Mystery surrounds why part of the city's London Road suddenly fell apart and what caused a sewer pipe under the busy thoroughfare to burst.
Council inspectors and Scottish Water officials launched an investigation into the collapse – but still do not know why this latest problem occurred.
It is the second time this year the road has been closed. It reopened in June after being shut for five months because of a dangerous building.
Today council bosses said it would take "several months" before the road was fully re-opened, after the collapse on October 18.
A Glasgow City Council spokesman said: "Specialist engineers are investigating what caused damage to the road structure, a waste water pipe and other utility services.
"They will also assess what work will be required to resolve the problem permanently.
"It is likely that work will take several months and, for safety reasons, traffic management will continue to be required.
"However, every effort will be made to minimise disruption to road users."

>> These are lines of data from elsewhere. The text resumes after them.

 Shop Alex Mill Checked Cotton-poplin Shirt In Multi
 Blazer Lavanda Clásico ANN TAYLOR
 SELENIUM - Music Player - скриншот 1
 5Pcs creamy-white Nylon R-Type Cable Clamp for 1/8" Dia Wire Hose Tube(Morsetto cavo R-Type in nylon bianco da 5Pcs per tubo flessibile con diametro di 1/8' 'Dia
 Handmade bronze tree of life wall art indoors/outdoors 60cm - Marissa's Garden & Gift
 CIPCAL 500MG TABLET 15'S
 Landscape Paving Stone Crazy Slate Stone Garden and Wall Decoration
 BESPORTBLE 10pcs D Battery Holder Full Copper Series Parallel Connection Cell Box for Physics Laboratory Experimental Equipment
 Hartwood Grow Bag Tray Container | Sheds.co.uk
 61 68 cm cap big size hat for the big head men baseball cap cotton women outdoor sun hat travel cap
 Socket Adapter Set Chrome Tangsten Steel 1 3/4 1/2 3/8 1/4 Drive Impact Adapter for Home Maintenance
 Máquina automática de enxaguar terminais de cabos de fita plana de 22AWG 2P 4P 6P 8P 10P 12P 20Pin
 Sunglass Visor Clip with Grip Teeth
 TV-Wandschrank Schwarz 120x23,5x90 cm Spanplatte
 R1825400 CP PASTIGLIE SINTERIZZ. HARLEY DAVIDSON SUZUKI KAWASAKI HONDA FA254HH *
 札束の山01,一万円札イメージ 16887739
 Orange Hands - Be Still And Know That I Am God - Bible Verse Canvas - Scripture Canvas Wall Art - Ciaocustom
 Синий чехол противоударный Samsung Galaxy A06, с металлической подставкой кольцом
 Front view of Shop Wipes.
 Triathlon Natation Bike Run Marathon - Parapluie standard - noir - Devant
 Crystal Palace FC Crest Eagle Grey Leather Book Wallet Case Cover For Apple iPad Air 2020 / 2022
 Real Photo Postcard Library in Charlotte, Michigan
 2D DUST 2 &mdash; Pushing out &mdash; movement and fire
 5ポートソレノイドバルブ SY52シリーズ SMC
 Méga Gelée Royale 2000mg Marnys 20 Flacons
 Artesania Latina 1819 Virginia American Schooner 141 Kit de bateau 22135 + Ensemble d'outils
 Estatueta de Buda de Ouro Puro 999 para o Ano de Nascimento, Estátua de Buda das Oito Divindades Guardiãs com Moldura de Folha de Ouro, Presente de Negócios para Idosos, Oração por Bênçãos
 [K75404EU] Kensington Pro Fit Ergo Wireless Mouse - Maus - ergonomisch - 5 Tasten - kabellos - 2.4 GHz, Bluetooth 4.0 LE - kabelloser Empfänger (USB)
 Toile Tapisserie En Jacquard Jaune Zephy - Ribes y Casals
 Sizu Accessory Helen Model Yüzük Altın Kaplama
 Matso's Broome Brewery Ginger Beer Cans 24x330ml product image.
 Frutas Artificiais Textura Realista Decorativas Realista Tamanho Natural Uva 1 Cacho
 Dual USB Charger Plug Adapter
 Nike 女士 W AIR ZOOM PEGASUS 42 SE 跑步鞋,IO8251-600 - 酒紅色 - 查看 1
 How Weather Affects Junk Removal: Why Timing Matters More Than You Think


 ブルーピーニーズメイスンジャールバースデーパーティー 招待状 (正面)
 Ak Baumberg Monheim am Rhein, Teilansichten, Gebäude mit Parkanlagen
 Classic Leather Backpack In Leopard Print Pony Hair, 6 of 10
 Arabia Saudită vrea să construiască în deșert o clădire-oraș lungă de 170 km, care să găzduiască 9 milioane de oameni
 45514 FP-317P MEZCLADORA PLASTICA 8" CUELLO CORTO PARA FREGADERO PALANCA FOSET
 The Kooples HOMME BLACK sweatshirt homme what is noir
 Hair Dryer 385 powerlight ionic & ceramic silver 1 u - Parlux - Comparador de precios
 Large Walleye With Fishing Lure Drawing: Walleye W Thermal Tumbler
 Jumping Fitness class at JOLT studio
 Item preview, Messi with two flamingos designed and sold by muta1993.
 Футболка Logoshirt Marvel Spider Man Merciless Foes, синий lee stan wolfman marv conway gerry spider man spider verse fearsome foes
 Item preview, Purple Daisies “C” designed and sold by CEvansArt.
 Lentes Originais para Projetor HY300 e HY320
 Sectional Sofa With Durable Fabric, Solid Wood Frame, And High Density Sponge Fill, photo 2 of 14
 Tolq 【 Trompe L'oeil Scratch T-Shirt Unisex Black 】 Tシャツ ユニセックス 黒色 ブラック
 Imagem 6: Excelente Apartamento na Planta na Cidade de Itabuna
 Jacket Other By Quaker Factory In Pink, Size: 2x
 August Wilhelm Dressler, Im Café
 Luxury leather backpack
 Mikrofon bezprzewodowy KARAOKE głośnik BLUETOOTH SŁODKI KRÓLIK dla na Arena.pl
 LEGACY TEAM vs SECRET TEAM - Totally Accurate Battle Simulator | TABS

London Road, from its junction with Springfield Road to the Clyde Gateway junction, which takes in Celtic Park, has been closed to through traffic to allow work on the problem.
There is access to the stadium, but drivers have been warned to prepare for congestion on the Gallowgate diversion route.
A Bridgeton resident said: "This is a nightmare us, just months after the road was finally re-opened after the tenement collapse.
"Not only will it be a big inconvenience for getting around, but the impact on local businesses doesn't bear thinking about. I hope the council gets the work done in double-quick time.
"This part of the East End has already put up with enough."
A statement from Scottish Water said: "Glasgow City Council, Scottish Water and other relevant parties have completed initial investig-ations into what caused damage to the road structure, a waste water pipe and other utility services in part of London Road and to assess what repair work is required.
"However, it has been agreed by all relevant parties involved that, due to the complex nature of infrastr-ucture, further investigations are required by specialist engineers, before the cause can be established and a permanent solution found.
"Glasgow City Council, Scottish Water and the other relevant parties apologise for the inconvenience caused."
The road was closed earlier this year after cracks in a tenement, near Bridgeton Cross, meant it had to be demolished.
Road subsidence is the latest inconvenience for city road users, as reported this week in the Evening Times.
We told how holes have suddenly appeared in Waterloo Street, Renfrew Street and Renfield Street.